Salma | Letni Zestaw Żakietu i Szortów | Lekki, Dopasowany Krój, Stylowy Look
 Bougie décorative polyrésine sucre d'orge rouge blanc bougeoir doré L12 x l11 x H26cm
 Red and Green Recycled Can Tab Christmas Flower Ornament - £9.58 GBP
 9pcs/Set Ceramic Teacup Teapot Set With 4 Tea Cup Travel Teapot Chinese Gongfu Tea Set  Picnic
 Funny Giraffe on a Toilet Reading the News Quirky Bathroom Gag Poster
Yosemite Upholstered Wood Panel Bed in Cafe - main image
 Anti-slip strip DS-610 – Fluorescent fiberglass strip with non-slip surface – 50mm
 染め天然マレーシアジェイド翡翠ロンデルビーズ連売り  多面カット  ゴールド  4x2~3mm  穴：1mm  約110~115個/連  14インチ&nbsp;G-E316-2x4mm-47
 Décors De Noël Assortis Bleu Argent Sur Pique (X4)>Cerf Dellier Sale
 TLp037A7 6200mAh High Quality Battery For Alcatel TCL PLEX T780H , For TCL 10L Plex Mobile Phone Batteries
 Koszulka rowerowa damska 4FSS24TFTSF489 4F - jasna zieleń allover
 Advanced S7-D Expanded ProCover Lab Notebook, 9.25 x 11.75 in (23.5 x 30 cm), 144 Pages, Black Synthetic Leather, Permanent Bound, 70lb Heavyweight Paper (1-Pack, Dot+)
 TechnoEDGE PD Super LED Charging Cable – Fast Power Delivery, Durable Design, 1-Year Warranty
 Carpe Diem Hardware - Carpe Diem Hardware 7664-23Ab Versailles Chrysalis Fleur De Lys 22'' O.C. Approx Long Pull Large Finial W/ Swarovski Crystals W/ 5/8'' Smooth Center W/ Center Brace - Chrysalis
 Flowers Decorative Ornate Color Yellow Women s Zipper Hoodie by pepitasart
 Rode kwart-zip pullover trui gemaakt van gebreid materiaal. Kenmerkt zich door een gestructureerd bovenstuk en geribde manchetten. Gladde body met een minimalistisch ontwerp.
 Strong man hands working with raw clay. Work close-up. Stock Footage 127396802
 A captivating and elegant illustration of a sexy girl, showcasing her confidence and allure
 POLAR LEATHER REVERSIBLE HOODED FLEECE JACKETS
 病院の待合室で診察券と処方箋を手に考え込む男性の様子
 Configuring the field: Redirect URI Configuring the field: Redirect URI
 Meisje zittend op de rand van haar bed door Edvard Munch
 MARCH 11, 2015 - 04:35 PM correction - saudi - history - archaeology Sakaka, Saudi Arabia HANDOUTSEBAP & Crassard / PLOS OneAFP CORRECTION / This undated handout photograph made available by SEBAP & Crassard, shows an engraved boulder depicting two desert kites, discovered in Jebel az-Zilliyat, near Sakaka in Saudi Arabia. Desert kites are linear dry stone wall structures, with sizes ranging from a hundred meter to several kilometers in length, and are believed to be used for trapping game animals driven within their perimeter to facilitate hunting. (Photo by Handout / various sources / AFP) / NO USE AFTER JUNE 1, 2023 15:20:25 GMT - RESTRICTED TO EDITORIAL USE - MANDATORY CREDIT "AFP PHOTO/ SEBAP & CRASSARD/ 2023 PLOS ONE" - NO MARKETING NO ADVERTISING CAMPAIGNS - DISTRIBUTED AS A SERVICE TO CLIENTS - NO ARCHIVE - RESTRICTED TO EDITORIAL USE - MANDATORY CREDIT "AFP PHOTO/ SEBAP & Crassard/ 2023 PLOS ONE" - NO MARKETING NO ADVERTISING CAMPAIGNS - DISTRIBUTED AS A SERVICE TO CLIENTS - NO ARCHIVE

◇ ◇ ◇ ◇ ◇

- _INSTRUCTIONS FOR THE TASK_
Retype exactly, and only, the lines above from the one where "Anti-slip strip DS-610" occurs up to and including the one where "Koszulka rowerowa damska" occurs.

- _EXPECTED ANSWER_
 Anti-slip strip DS-610 – Fluorescent fiberglass strip with non-slip surface – 50mm
 染め天然マレーシアジェイド翡翠ロンデルビーズ連売り  多面カット  ゴールド  4x2~3mm  穴：1mm  約110~115個/連  14インチ&nbsp;G-E316-2x4mm-47
 Décors De Noël Assortis Bleu Argent Sur Pique (X4)>Cerf Dellier Sale
 TLp037A7 6200mAh High Quality Battery For Alcatel TCL PLEX T780H , For TCL 10L Plex Mobile Phone Batteries
 Koszulka rowerowa damska 4FSS24TFTSF489 4F - jasna zieleń allover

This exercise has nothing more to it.